And you can see Greg K H (a linux core dev) snarky reply here:
[http://article.gmane.org/gmane.comp.security.oss.general/150...](http://article.gmane.org/gmane.comp.security.oss.general/15056)

Basically a few people have tried in the past but Linux core devs are against
large patches. And if you look at old threads [1] where people have attempted
to break it up into small patches the core devs have been disinterested.

Just to be clear we're talking about many 2003-era exploit mitigation
techniques not being adopted into the kernel. And as a side effect every year
there are countless vulnerabilities that come out - for which proactive
mitigations with up-to-date PoC's have existed for years.

Greg KH basically said in that thread that it would need to be broken up into
tons of small patches. Then each patch will have to be submitted and go
through the massive politics of getting it upstreamed. This would require a
full-time paid team of people doing it, since Linux foundation or similar
organizations don't seem to think it's worth paying for a team of security
experts themselves to do similar work hardening the kernel.

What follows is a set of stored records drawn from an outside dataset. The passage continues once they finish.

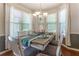 Bright dining area with natural light, stylish furniture, and a welcoming atmosphere at 2436 Sardis Chase Ct, Buford, GA 30519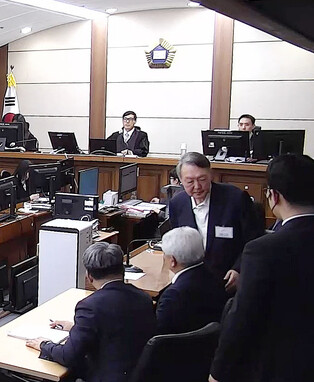 Yoon sentenced to 5 yrs in prison over obstruction of justice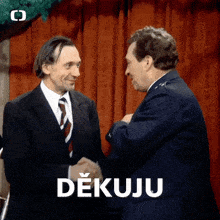 two men shaking hands in front of a red curtain and a sign that says dekuji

Additionally, a long time ago (before grsec I believe) the person (or team)
behind PaX, whose code is now a significant percentage of GRSecurity, is
anonymous and the Linux core refused to accept patches from anonymous
developers.

Also for a more meta-discussion on how security is handled by the core devs
see Spenders summary here in "KASLR: An Exercise in Cargo Cult Security"
[https://forums.grsecurity.net/viewtopic.php?f=7&t=3367](https://forums.grsecurity.net/viewtopic.php?f=7&t=3367)

[1] Spender links to old threads here where people tried breaking it up and
submitting small patches:

[https://twitter.com/grsecurity/status/541797486479028225](https://twitter.com/grsecurity/status/541797486479028225)

[https://twitter.com/grsecurity/status/541797673419145217](https://twitter.com/grsecurity/status/541797673419145217)

[https://twitter.com/grsecurity/status/541797780482977792](https://twitter.com/grsecurity/status/541797780482977792)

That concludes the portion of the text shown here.